Le travail d’Anquetil-Duperron sur la Perse antique, à travers l’exhumation des textes sacrés de la religion mazdéenne (cf. l’Avesta *) deviendra une source d’inspiration, et ce jusqu’au XIXe siècle. Deux volumes publiés en 1802 à Strasbourg lui redonnera des ailes. Le pessimiste invétéré Schopenhauer en fera son livre de chevet, le poète Kleist en fera un essai remarqué et l’écrivain Shelley s’en emparera dans le “Prométhée délivré”. Mais le point d’orgue de la renommée viendra avec un certain Friedrich Nietzsche dans son célèbre “Ainsi parlait Zarathoustra”. Derrière ce nom si exotique, que l’on nomme également Zoroastre, se cache le fondateur la religion dite zoroastrisme avant les conquêtes arabes et qui, par conséquent, a précédé l’Islam.
Néanmoins le travail d’A-D reste – de par nos standards actuels – incomplet, voire erroné. Il n’en demeure pas moins une étape essentielle quant à la compréhension d’un pan entier d’une culture aujourd’hui peu connue. Tout commence benoitement avec cette satanée et insatiable curiosité. C’est en 1754 que notre brave théologien-aventurier, en examinant les décalques de quatre maigres feuillets du Vendîdâd (recueil de textes de l’Avesta) de la bibliothèque Bodléienne d’Oxford, se décide à s’atteler au déchiffrement des textes sacrés de la Perse et de se rendre, à cet effet, en Inde.

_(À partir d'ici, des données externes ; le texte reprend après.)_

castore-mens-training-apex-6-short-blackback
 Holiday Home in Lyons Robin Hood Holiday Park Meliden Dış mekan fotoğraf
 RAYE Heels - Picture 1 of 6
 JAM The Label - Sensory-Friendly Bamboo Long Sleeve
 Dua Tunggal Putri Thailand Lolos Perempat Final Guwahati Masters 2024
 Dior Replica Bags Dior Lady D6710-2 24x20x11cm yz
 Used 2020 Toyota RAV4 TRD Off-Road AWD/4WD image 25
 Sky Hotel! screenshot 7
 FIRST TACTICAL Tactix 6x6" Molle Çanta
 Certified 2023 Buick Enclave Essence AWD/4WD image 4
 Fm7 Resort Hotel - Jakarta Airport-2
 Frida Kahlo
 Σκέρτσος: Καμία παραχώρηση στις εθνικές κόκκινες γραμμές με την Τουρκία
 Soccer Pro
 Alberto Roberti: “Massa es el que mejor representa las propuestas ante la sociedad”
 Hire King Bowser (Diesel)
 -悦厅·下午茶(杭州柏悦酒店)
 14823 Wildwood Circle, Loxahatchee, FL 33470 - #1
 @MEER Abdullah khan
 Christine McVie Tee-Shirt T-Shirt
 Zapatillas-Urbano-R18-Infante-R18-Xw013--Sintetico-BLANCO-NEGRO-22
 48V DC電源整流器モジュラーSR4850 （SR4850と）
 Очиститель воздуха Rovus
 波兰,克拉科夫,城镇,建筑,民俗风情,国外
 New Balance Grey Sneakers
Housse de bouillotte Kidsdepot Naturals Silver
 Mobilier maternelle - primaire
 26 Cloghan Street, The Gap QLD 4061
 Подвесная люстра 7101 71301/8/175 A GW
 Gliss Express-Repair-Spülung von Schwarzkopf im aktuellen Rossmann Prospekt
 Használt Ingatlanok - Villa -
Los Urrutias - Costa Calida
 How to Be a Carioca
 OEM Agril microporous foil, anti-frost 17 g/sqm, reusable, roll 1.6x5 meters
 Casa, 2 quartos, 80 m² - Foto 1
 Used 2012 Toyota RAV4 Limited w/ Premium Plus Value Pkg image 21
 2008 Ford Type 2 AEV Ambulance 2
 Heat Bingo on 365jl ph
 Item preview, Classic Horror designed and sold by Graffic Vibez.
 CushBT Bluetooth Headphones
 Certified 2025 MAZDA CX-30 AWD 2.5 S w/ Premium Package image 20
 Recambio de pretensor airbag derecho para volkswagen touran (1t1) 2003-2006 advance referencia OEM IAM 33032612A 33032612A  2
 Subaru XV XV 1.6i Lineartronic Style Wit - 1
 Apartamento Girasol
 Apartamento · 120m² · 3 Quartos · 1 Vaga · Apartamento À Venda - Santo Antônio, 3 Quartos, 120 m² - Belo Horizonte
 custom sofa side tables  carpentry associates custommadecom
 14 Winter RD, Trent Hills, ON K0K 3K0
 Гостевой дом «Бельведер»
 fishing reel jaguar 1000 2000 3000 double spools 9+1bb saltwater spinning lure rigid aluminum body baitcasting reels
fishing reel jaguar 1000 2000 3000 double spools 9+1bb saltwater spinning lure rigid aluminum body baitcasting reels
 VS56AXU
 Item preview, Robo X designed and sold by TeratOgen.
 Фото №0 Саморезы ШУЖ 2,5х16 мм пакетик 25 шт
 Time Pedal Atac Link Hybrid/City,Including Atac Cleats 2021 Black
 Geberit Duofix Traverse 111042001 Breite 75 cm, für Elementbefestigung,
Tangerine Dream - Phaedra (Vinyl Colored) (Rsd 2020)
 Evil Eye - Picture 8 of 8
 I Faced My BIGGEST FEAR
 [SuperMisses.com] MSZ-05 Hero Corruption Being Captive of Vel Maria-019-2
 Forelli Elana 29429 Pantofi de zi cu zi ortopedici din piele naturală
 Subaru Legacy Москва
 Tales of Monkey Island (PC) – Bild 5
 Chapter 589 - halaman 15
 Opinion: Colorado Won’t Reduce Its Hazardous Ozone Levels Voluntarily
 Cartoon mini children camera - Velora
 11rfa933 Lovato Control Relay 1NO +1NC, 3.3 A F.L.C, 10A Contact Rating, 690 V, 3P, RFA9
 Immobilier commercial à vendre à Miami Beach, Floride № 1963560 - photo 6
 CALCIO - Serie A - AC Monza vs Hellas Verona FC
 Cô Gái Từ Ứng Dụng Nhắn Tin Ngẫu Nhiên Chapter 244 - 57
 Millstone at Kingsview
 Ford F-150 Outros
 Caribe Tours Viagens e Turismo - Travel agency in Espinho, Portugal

* L’Avesta est le livre saint de la religion zoroastrienne et constitue, encore aujourd’hui, les Écritures et le rituel des Parsis de l’Inde et des Guèbres de l’Iran.
En Europe, depuis le Ve siècle avant J.-C. et grâce aux auteurs classiques, des connaissances parcellaires sur la vieille religion préislamique de l’Iran nous étaient connues, et dont on attribuait la fondation et les textes sacrés à un certain Zoroastre. Cette croyance survivait dans quelques maigres communautés iraniennes, mais aussi en Inde, où la communauté dite des Parsis avait essaimé en quelques points du golfe de Cambaye, autour de Bombay. Les premiers témoignages directs nous vient de l’orientaliste Thomas Hyde (1636 – 1703), un évêque anglican d’Oxford. Ce dernier a entrepris – tant que faire se peut – la compilation de tout ce qui était connu de l’ancienne religion iranienne. Un débat sur Zoroastre au sein des érudits européens était encore dans toutes les têtes. Bien qu’incomplète, ces sources manuscrites eurent une influence déterminante sur Anquetil-Duperron.
En 1754, il découvrira, avec d’autres érudits, le fameux manuscrit du marchand Georges Boucher offert à la Bibliothèque bodléienne d’Oxford. L’Europe constata avec une certaine attention que le livre attribué à Zoroastre, l’Avesta – titre qui signifie probablement « éloge » – n’était en définitive pas perdu, loin s’en faut. L’espoir de retrouver trotta dans la tête d’Anquetil-Duperron, et la décision fut prise de quérir le texte complet en Inde. Projet qui, à l’aube de la deuxième moitié du XVIIIe siècle, n’était pas courant, voire comportait des risques notables. En outre, sans mécène, ses investigations n’avaient que peu de chance de déboucher.
Sans subsides royaux, A-D n’en démord pas et s’engage dans les troupes de la Compagnie des Indes. S’en suit une longue route à pied vers Lorient avec des compagnons d’armes recrutés dans les prisons. Mais la chance lui sourit avant de même de s’embarquer : un subside de la Bibliothèque du Roi lui est accordé in extremis, ce qui lui permettra de voyager comme passager libre et de quitter le contingent une fois arrivé à Pondichéry. Nous sommes alors le 10 août 1755.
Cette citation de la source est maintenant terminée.